Nach seiner Erfahrung bleiben Kinder aus Artistenfamilien zu 90 Prozent im Zirkusgewerbe. Das könnte sich künftig ändern, wegen der schwierigen wirtschaftlichen Situation vieler kleiner Zirkusse. "Viele Eltern haben keinen Schulabschluss, weil sie in ihrer Jugend nicht die Chance auf eine vernünftige Ausbildung bekamen. Umso dankbarer sind sie für unsere Angebote für ihre Kinder. Sie wissen, dass die Anforderungen an ihr Gewerbe immer komplizierter werden und ihre Kinder vielleicht mal in einem anderen Beruf arbeiten müssen. Dafür ist eine gute Schulbildung hilfreich", erläutert Höschen und fügt hinzu: "Heute schaffen die meisten unserer Schüler einen mittleren Abschluss."

Jella Peschke-Holzwarth stammt aus einer Schaustellerfamilie, hat auf dem zweiten Bildungsweg das Abitur gemacht, danach studiert und ist heute als Bereichslehrerin im Raum Lüneburg unterwegs. Dabei trifft sie oft auf Skepsis - gerade Sinti-Familien unter den Schaustellern fühlten sich früher oft von Lehrern diskriminiert. "Bis heute gibt es große Unterschiede von Schule zu Schule: Einige Lehrer setzen sich toll ein. In anderen Schulen werden Schausteller-Kinder eher als lästiger Störfaktor angesehen. Man kümmert sich nicht um sie, schreibt keine Lernstandsberichte für die Stammschule", sagt Peschke-Holzwarth. Sie wünscht sich für alle reisenden Kinder einheitliche Schulbücher, die in ganz Deutschland gelten.

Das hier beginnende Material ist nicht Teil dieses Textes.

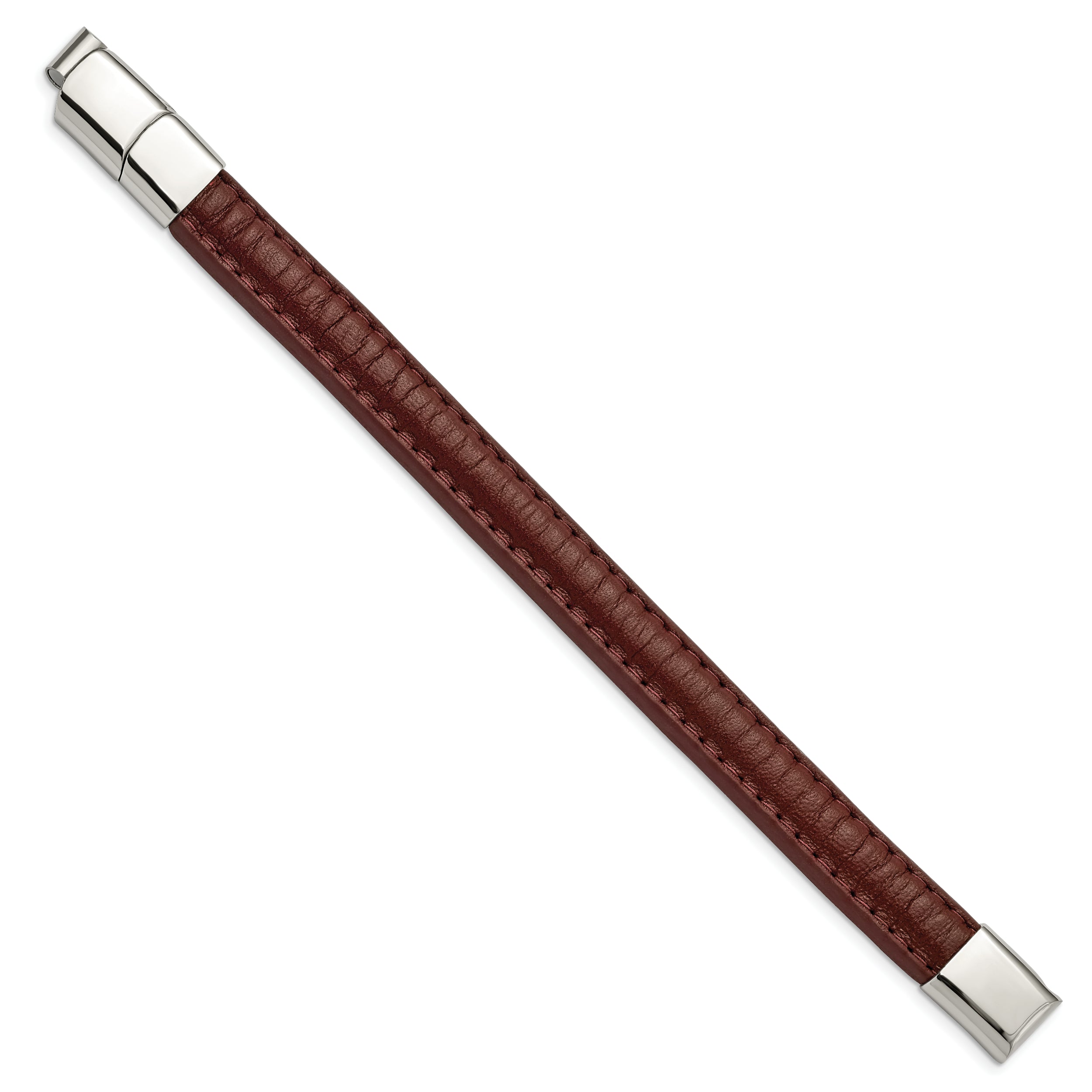 Stainless Steel Polished Brown Leather 7.75in w/.5in ext Bracelet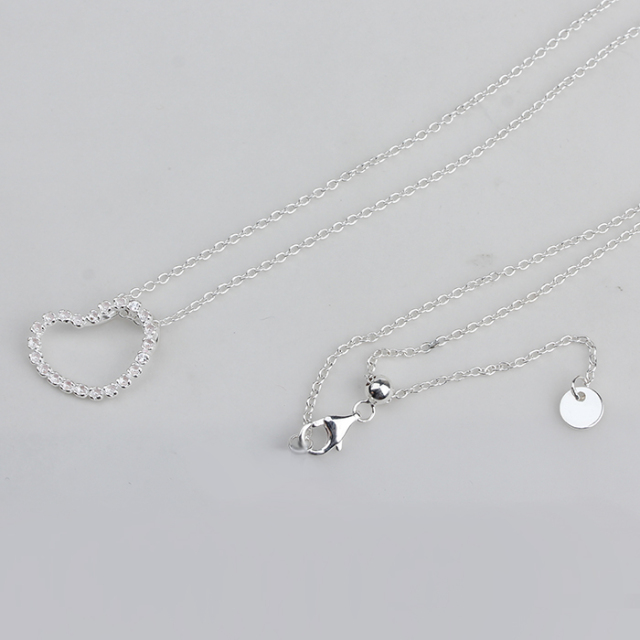 925 Sterling Silver Adjustable Twisted Open Heart Pendant Necklace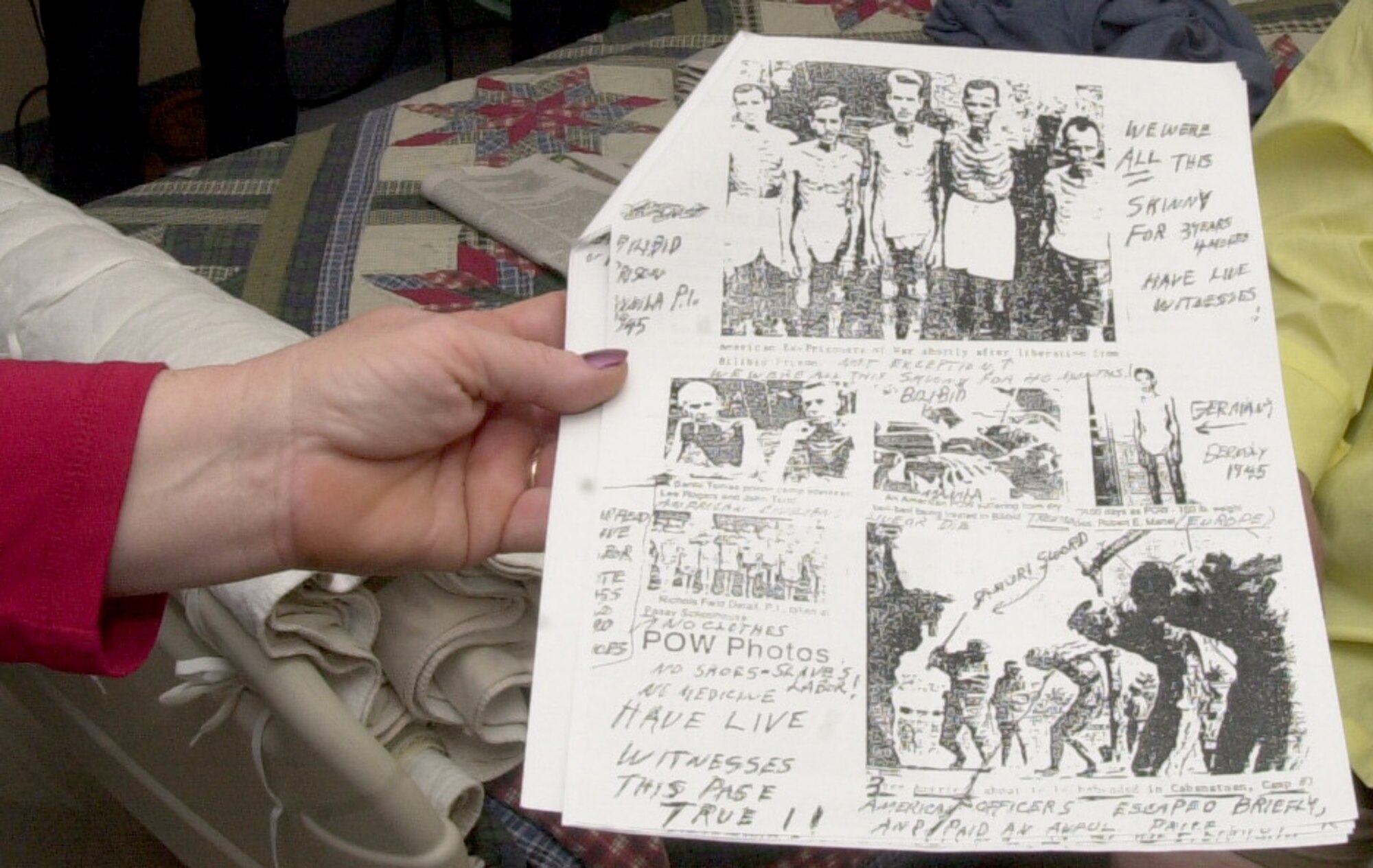 Lyndall Preslar, a Japanese prisoner of war during World War II, used the images above of other POWs to show the extreme physical conditions that he and other POWs endured during captivity. During the Bataan Death March, Mr. Preslar witnessed starvation, executions and torture along the infamous 60-mile march. Despite his horrible experience as a POW, Mr. Preslar showed appreciation in having Goodfellow visitors present to hear his stories. (U.S. Air Force photo by Senior Airman Luis Loza Gutierrez)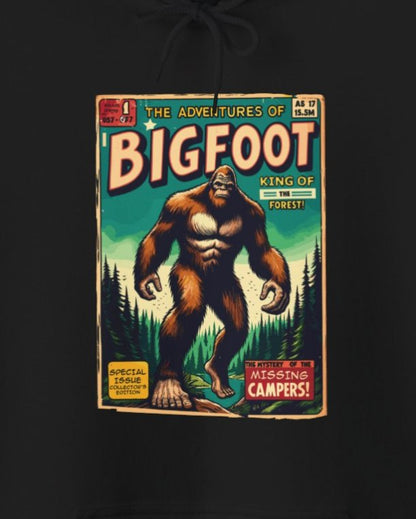 Hoodie - The Adventures of Bigfoot Comic Book Cover Hoodie | Sasquatch Pullover Hooded Sweatshirt from Crypto Zoo Tees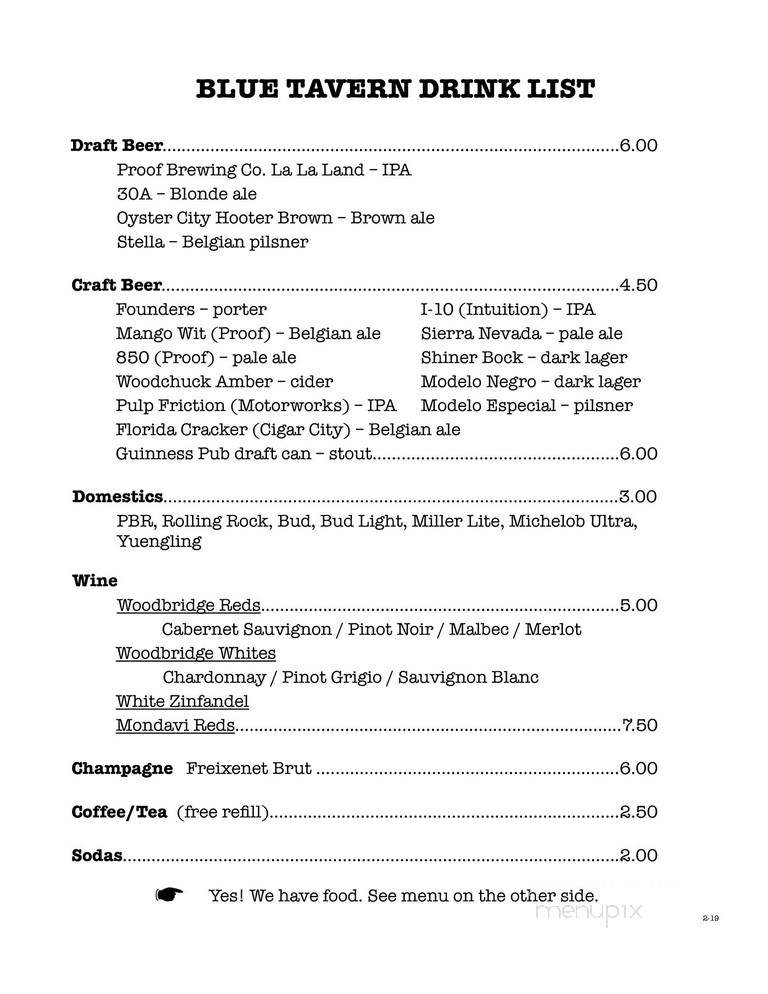 Blue Tavern - Tallahassee, FL menu_pic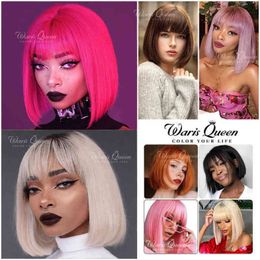 Hair Synthetic Wigs Cosplay Short Bob Wig with Bangs Synthetic Wigs for Women Straight Ombre Rose Red Pink 12 Inch Heat Resistant Lolita Cosplay Party Hair 220225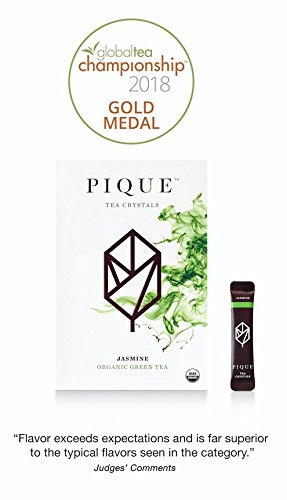 Pique Tea Organic Jasmine Green Tea Crystals - Immune Support, Gut Health, Fasting -14 Single Serve Sticks (Pack of 1)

Die zwölfjährige Celine aus der Nähe von Hannover ist mit ihren Eltern unterwegs, die auf Volksfesten Crêpes und Poffertjes in ihrem Schaustellerwagen zubereiten. "Ich werde von Mitschülern öfters gefragt, ob ich die Crêpes für sie etwas günstiger besorgen kann. Das geht nicht, aber das ist nicht schlimm, und ich finde so schnell Kontakt. Es ist erst mal aufregend, in eine neue Schule zu kommen, doch ich bin immer nett aufgenommen worden." Will sie später das Geschäft ihrer Eltern übernehmen? "Mal sehen, vielleicht. Ich will mir die Möglichkeit für etwas anderes offenhalten und erst mal studieren."